---- Available data

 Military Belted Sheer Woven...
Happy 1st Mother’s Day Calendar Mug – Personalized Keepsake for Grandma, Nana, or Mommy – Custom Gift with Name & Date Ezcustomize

--------
---- Available data

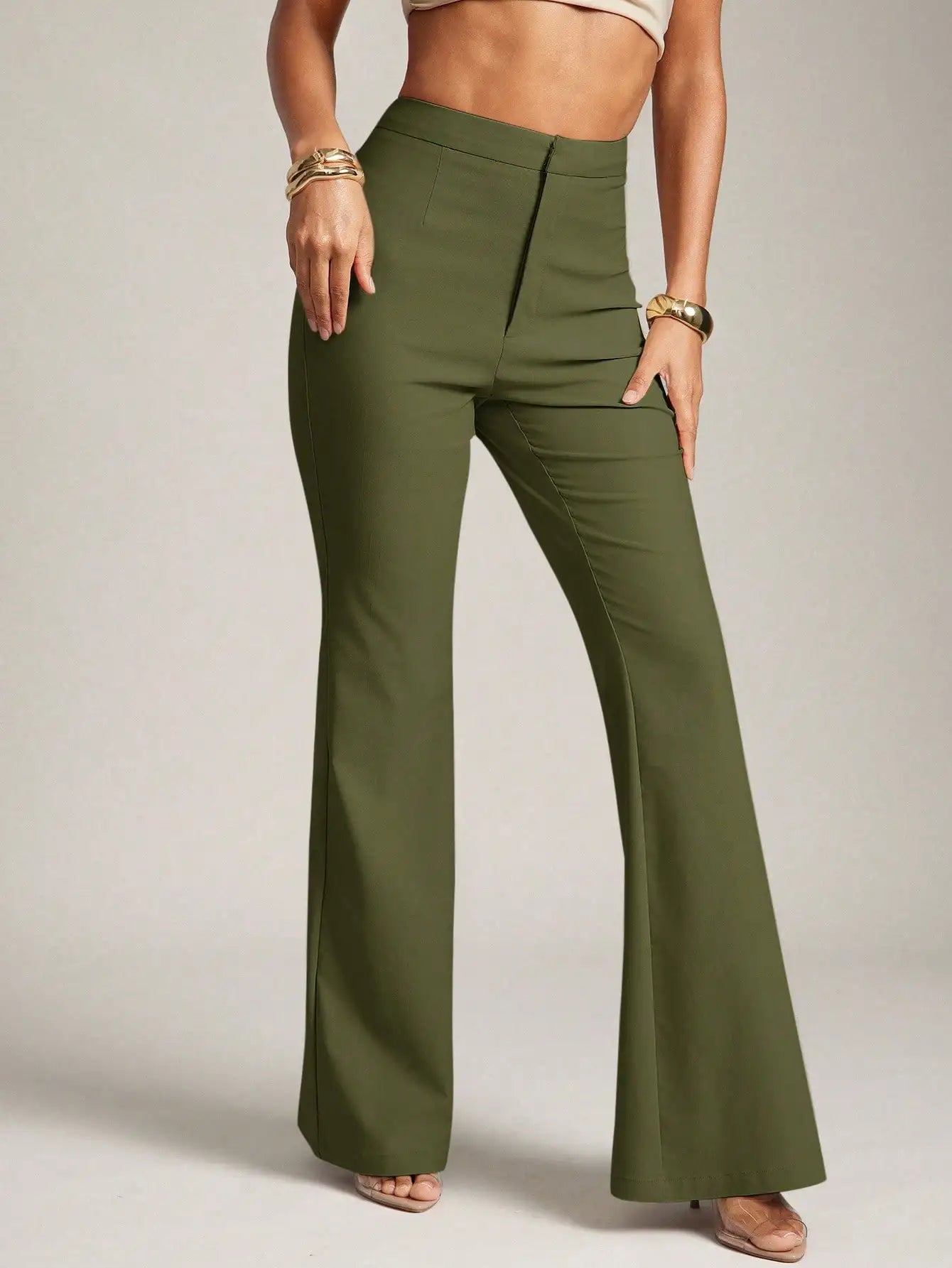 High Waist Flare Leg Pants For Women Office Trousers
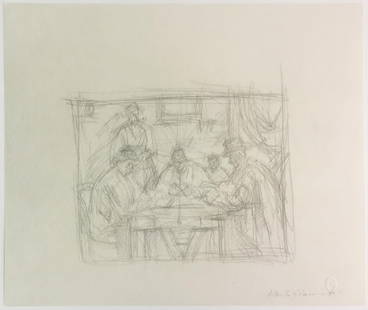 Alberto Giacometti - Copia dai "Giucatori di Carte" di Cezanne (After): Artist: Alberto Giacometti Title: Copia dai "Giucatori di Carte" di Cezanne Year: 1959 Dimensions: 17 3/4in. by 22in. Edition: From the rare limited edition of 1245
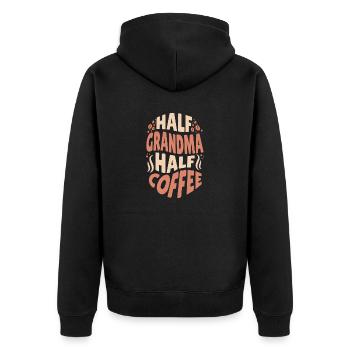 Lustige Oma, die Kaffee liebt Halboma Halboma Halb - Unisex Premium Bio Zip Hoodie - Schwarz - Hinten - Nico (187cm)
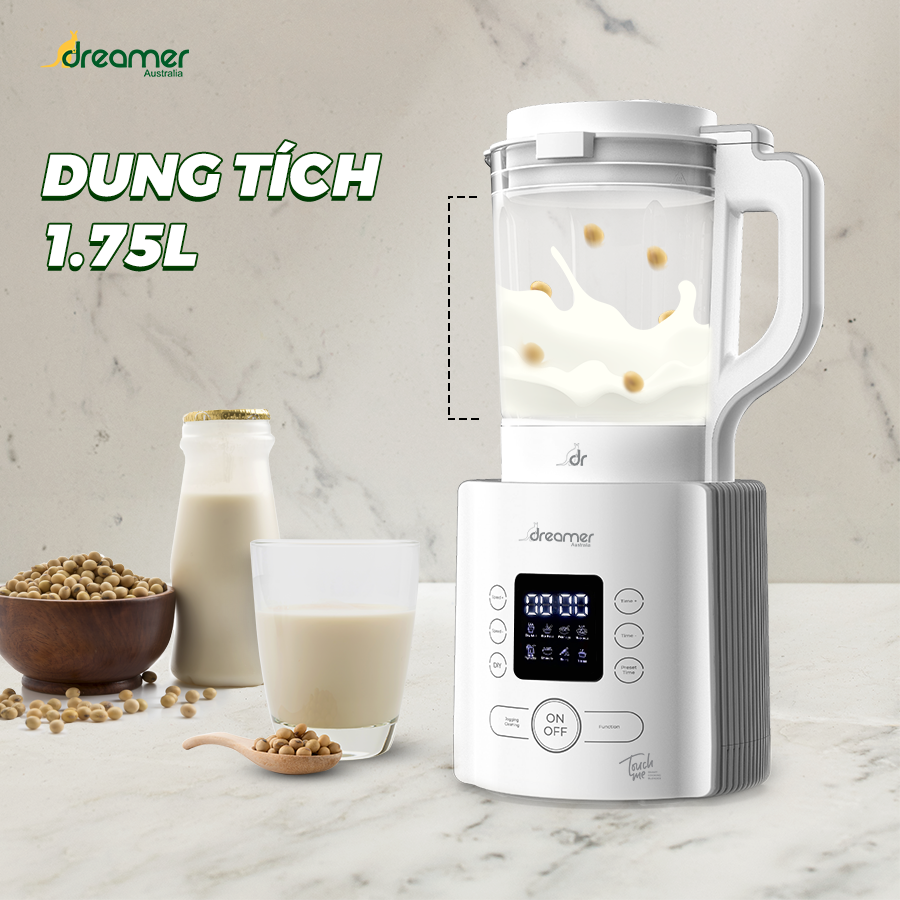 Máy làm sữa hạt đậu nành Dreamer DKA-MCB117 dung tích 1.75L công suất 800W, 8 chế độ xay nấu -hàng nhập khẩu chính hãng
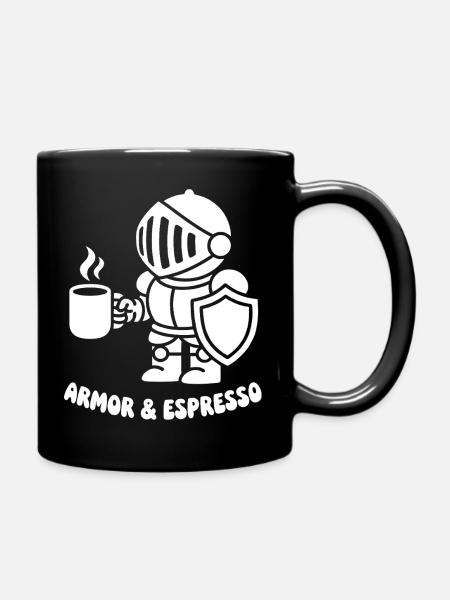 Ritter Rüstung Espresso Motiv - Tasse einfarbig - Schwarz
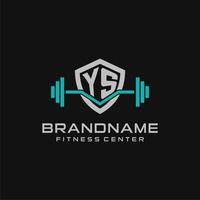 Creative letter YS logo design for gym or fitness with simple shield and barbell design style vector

--------
---- Available data

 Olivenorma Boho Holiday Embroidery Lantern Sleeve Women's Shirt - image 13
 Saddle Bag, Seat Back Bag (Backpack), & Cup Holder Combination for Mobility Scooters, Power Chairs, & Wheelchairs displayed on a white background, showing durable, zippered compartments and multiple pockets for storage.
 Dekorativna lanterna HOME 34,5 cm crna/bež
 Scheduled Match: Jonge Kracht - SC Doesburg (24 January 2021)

--------

→ **Aim of the task**
Going back to the data above, write out everything from the line with "Máy làm sữa" down to the line with "Creative letter YS", both included, leaving every picture out.

→ **Task solution**
 Máy làm sữa hạt đậu nành Dreamer DKA-MCB117 dung tích 1.75L công suất 800W, 8 chế độ xay nấu -hàng nhập khẩu chính hãng
 Ritter Rüstung Espresso Motiv - Tasse einfarbig - Schwarz
 Creative letter YS logo design for gym or fitness with simple shield and barbell design style vector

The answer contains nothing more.